26:7 Bakmadılar mı yere, neler fışkırtmışız onda cömert ve bereketli her çiftten.
26:8 Bunda elbette bir mucize var, fakat onların çoğu mümin değiller.
26:9 Ve hiç kuşku yok, senin Rabbin gerçekten mutlak Azîz, mutlak Rahîm'dir.
26:10 Rabbinin Mûsa'ya, "Zulüm sergileyenler topluluğuna git" diye seslenişini hatırla.
26:11 "Firavun'un toplumuna git! Hâlâ sakınmayacaklar mı?"

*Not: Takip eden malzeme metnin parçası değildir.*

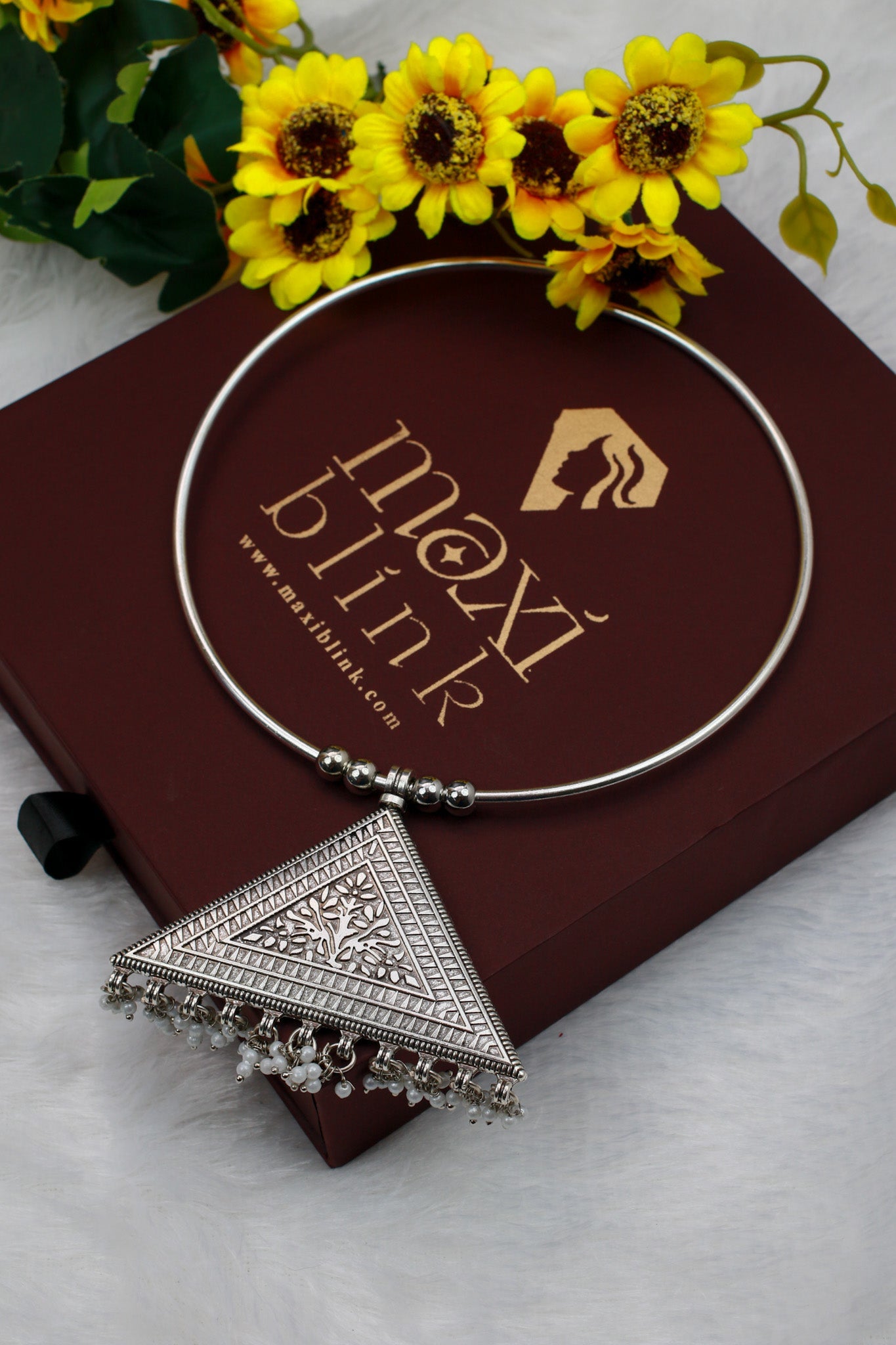 Oxidised German Silver Hansli Necklace with Triangle Mandala Design | Antique Tribal Choker - Maxiblink
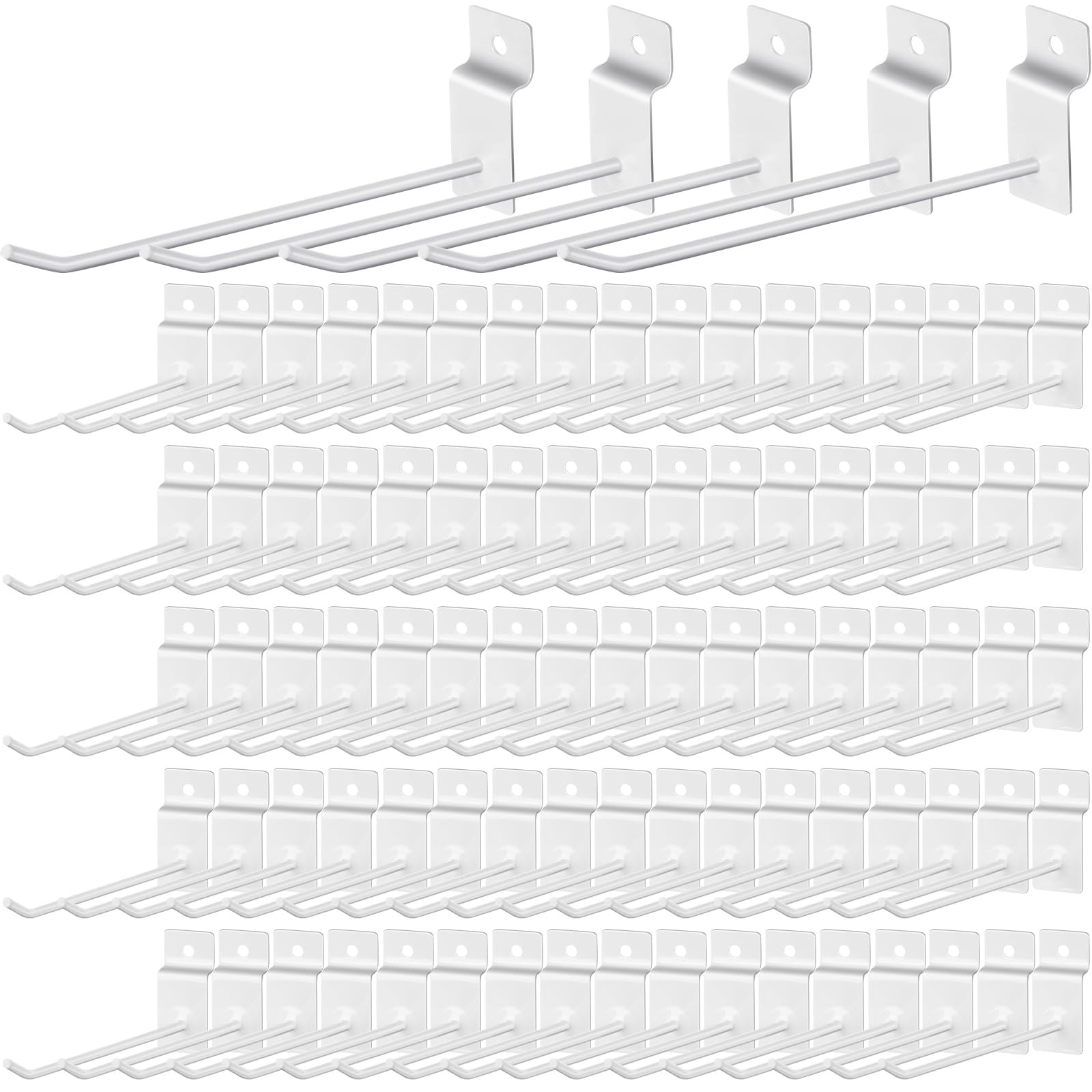 100 Pcs Slatwall Hooks 6 Inch Panel Display Metal Slat Wall Hanging Hooks Peg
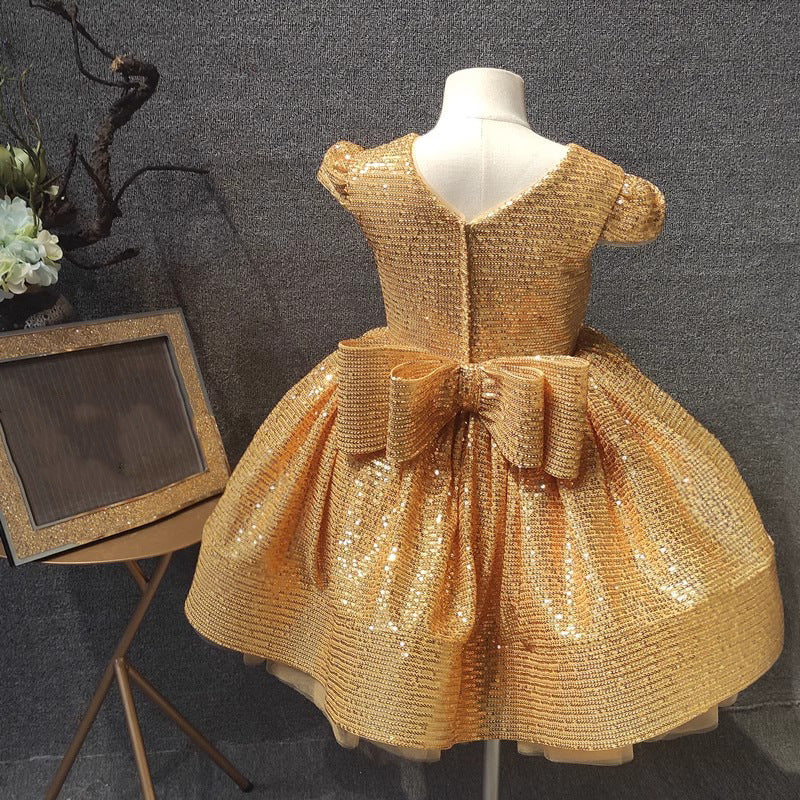 Elegant Baby Girl Gold Sequin Dress  Toddler First Communion Princess Dress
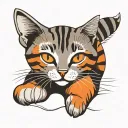 skinny female brown tabby cat, short hair, white hair on belly and chest, orange spot on head, white paws, black stripes tattoo design idea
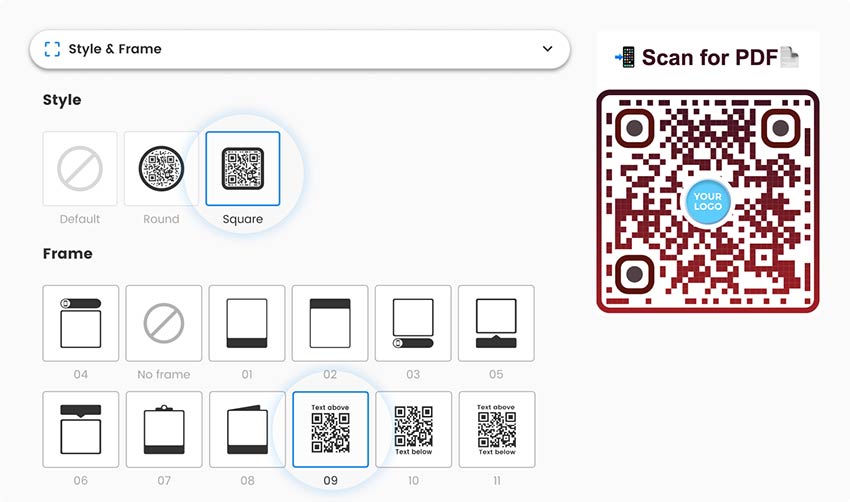 En la sección 'Estilo y Marco' del Generador de Códigos QR Pageloot, elige la forma y el marco del Código QR PDF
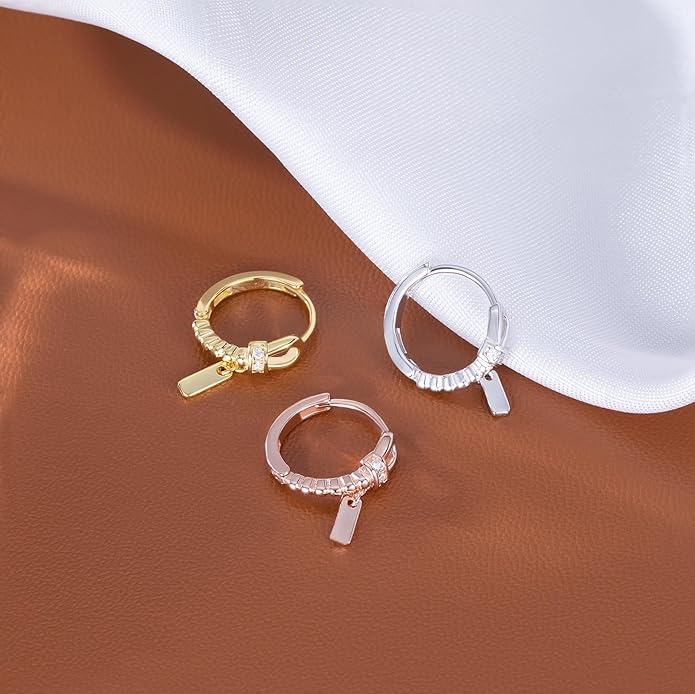 Reffeer Solid 925 Sterling Silver Minimalist Hoop Earrings for Women Teen Girls CZ Hoop Earrings Cartilage Helix Hoop Earrings Huggie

26:12 Demişti ki Mûsa: "Rabbim, doğrusu ben, beni yalanlamalarından korkuyorum."
26:13 "Göğsüm daralıyor, dilim açılmıyor. Görev emrini Hârun'a gönder."
26:14 "Hem, benim üzerimde onlar aleyhine işlenmiş bir suç var; bu yüzden beni öldürmelerinden korkuyorum."

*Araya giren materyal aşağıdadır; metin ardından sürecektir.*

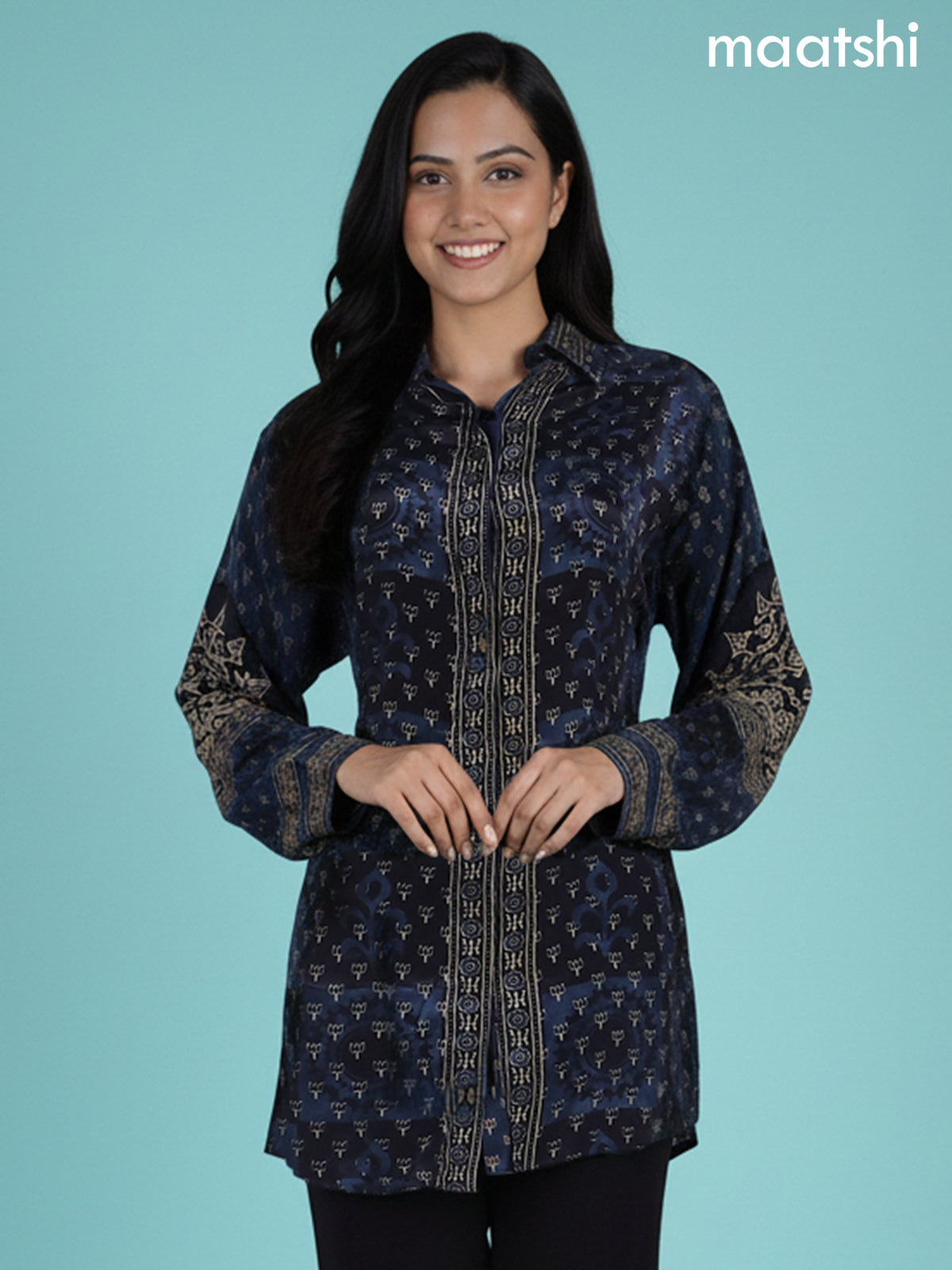 Black and Blue Shade Crepe Silk Ajrakh Printed Women Shirt
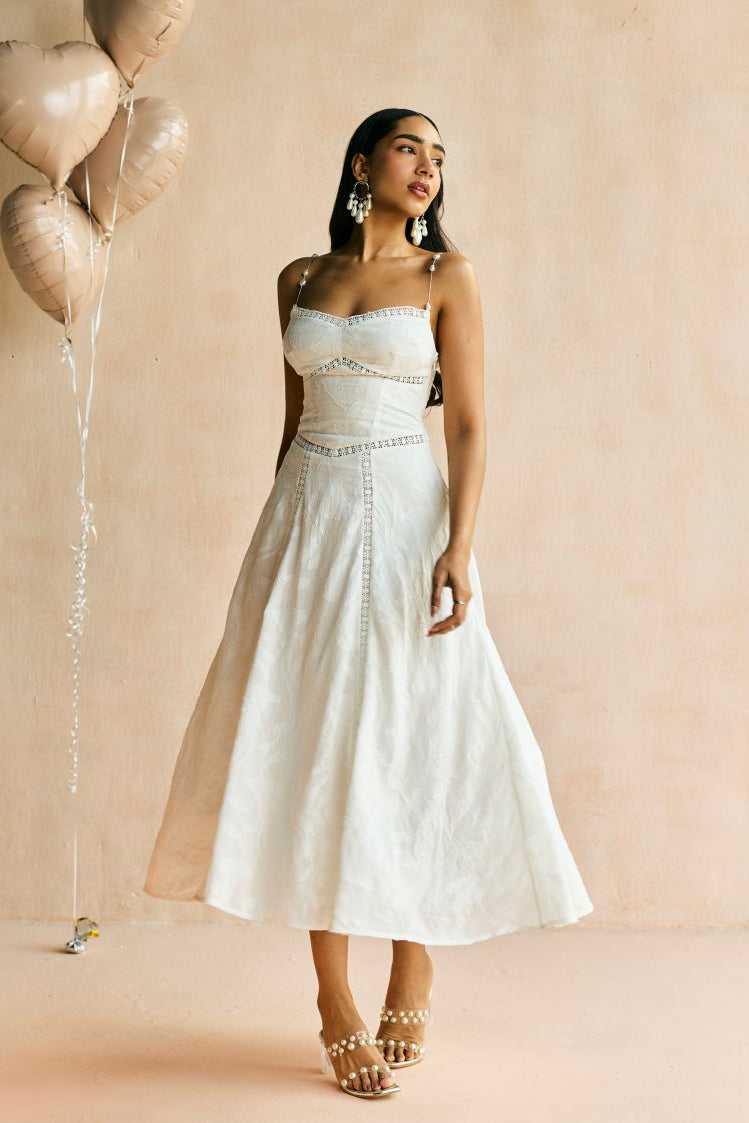 The Élan White Jacquard Lace Dress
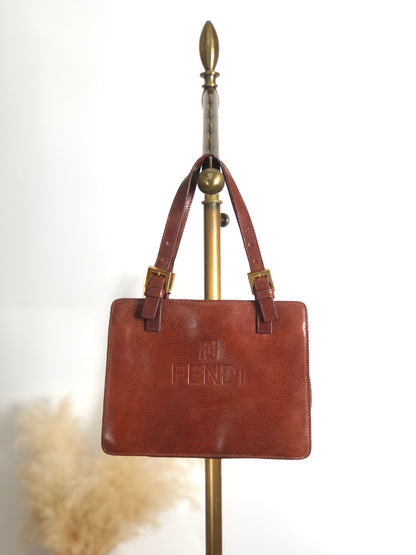 FENDI Logo Embossed Handbag Brown Vintage 8dvn7y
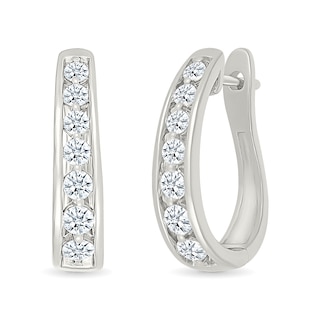 0.95 CT. T.W. Diamond Tapered Oval Hoop Earrings in 10K White Gold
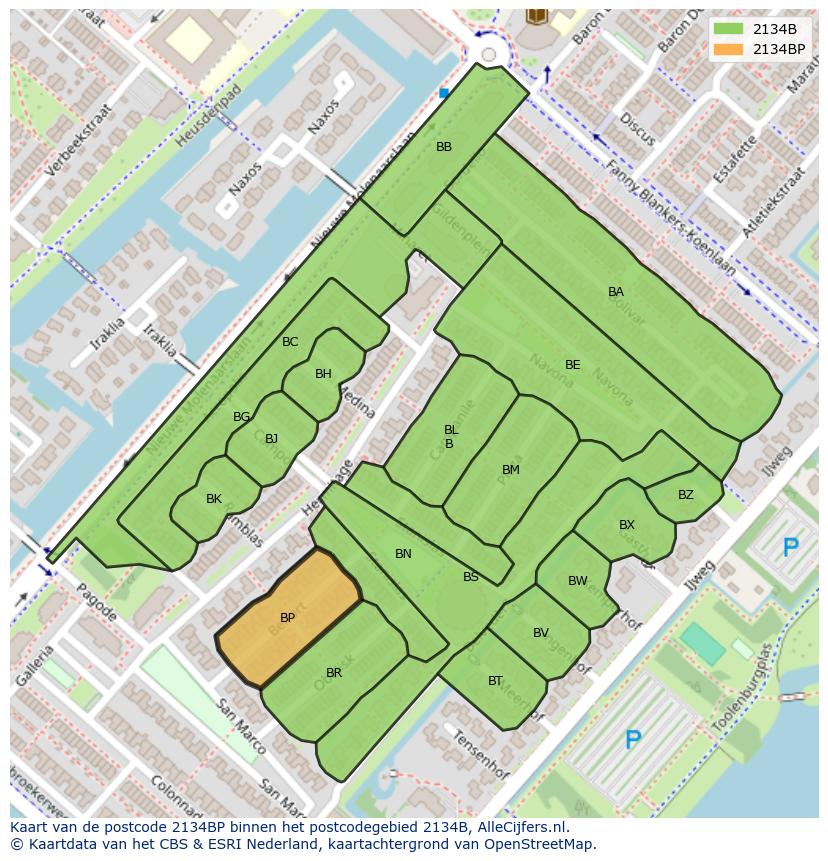Afbeelding van het postcodegebied 2134 BP op de kaart.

26:15 "Hayır, olmaz!" dediler. "Ayetlerimizi götürün. Biz sizinleyiz, herşeyi dinlemekteyiz."
26:16 "Hemen Firavun'a gidin, şöyle deyin: 'Âlemlerin Rabbi'nin resulleriyiz biz."

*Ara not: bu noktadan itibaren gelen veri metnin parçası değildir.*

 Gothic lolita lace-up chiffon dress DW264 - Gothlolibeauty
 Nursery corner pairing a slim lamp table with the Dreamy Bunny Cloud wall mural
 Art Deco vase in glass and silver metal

26:17 "İsrailoğullarını bizimle birlikte gönder."
26:18 Firavun dedi: "Biz seni aramızda, bir çocuk olarak koruyup beslemedik mi? Ömrünün nice yıllarını aramızda geçirdin."
26:19 "Ve sonunda o yaptığını da yaptın. Nankörlerden birisin sen."
26:20 Mûsa dedi: "Onu yaptığım zaman şaşkınlardandım."
26:21 "Sizden korkunca aranızdan kaçtım. Daha sonra Rabbim bana hükmetme gücü bağışladı ve beni peygamberlerden biri yaptı."
26:22 "O başıma kaktığın nimet, İsrailoğullarını köle yapmana karşılıktı."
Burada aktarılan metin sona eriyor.